Weather Regime-Dependent Predictability: Sequentially Linked High-Impact Weather Events over the United States during March 2016

The large-scale flow pattern across the North Pacific, North America, and the Western North Atlantic during the latter half of March 2016 was characterized by frequent cyclonic wave breaking (CWB).  This large-scale flow pattern enabled three sequentially linked high-impact weather events to occur over the continental (CONUS) United States (U.S.).  The first high-impact weather event was a challenging-to-predict cyclogenesis event on 23–24 March in the central Plains that resulted in both a major snowstorm along the Colorado Front Range and a severe weather outbreak over the central and southern Plains.  The second high-impact weather event was a severe weather outbreak that occurred over the Tennessee and Ohio River Valleys on 27–28 March.  The third high-impact weather event was the development of well below normal temperatures over the eastern U.S. that followed the formation a high-latitude omega block over northwestern North America from 28 March to 1 April.  This omega block established a planetary-scale flow environment favorable for the transport of arctic air in early April after a comparatively winterless winter.

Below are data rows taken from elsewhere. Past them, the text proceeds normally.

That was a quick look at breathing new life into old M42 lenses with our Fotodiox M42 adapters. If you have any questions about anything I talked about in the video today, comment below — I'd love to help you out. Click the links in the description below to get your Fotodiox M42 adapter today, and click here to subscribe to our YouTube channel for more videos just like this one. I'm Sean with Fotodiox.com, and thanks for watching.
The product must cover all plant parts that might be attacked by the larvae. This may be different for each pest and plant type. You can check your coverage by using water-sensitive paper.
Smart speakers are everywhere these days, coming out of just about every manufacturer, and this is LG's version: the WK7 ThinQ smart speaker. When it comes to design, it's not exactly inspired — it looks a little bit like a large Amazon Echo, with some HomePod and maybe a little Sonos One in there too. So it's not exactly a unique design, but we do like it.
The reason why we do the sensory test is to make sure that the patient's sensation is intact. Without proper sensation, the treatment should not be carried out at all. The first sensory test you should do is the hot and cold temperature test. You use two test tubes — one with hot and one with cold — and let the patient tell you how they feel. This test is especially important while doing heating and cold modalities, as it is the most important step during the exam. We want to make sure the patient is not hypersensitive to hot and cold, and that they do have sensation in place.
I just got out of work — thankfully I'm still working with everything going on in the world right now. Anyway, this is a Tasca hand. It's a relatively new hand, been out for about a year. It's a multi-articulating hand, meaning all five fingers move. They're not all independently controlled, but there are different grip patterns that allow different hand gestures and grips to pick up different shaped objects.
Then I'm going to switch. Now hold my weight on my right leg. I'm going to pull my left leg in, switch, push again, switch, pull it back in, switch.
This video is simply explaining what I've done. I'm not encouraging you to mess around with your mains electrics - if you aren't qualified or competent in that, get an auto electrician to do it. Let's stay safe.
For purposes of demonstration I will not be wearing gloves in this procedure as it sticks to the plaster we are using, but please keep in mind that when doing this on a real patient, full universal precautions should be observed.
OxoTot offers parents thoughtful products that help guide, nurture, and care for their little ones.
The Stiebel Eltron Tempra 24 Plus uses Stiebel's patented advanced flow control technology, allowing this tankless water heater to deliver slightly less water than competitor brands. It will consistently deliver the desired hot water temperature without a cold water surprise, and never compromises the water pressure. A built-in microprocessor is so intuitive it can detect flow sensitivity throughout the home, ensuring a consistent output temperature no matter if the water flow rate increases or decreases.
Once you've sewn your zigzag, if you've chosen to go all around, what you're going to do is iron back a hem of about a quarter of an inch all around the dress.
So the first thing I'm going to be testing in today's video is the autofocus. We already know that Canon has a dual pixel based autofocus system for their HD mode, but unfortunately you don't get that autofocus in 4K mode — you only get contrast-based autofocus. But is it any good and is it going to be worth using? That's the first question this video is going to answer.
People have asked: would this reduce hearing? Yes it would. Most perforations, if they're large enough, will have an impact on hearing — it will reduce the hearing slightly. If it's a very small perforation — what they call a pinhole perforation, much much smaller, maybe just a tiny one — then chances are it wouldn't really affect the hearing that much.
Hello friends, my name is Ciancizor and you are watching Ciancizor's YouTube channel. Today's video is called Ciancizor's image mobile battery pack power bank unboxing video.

The challenging nature of the Colorado snowstorm forecast was evidenced by the difficulty that forecasters and models alike had in placing the location of the expected heavy snow far enough westward to along the immediate Front Range until 12–36 h before the event.  A science opportunity is to better understand what dynamical and physical processes govern the spatiotemporal distribution of sensible weather element forecast uncertainty in a region of complex terrain.  Although the 23–24 March and 27–28 March severe weather outbreaks occurred in conjunction with discontinuous 500-hPa trough retrogression, the downstream responses differed.  In the first severe weather outbreak, the leading 500-hPa trough associated with the aforementioned Colorado snowstorm lifted out to the northeast and weakened before reaching the Appalachians while a trailing trough deepened southeastward across the western CONUS.  In the second severe weather outbreak, a leading 500-hPa trough was able to maintain its intensity as it moved eastward and crossed the Appalachians as the trailing 500-hPa trough dropped southward along the West Coast and evolved into a cutoff cyclone over the Southwest instead of moving eastward as the previous 500-hPa trough did.

We hypothesize that during discontinuous retrogression over North America when a leading 500-hPa trough weakens and lifts northeastward the associated region of warm-air advection is able to spread northeastward across eastern Canada and the Northeast where it can become mostly removed from the corridor of warm, moist unstable air ahead of the deepening trailing upstream trough.  In this case, stratiform precipitation amounts can diminish rapidly from west to east across the central and northern Appalachians in response to loss of a moisture source, weakening forcing for ascent, upper-level ridging, and downslope west-southwesterly flow.  We also hypothesize that discontinuous retrogression patterns across the CONUS may be more common during El Nino cool seasons, favor mountain snows over the Rockies, contribute to significant upslope-related precipitation episodes east of the Rockies, support severe weather across the southern and central Plains, produce heavy rain over parts of the Tennessee and Ohio Valleys, and lead to relatively warm and dry conditions east of the Appalachians.  Evidence in support of these hypotheses will be presented in conjunction the CWB-related predictability issues for the three high-impact weather events.  A subsequent presentation by Winters et al. (2017) will examine the regime-related predictability issues associated with the development of high-impact temperature and precipitation events over the CONUS.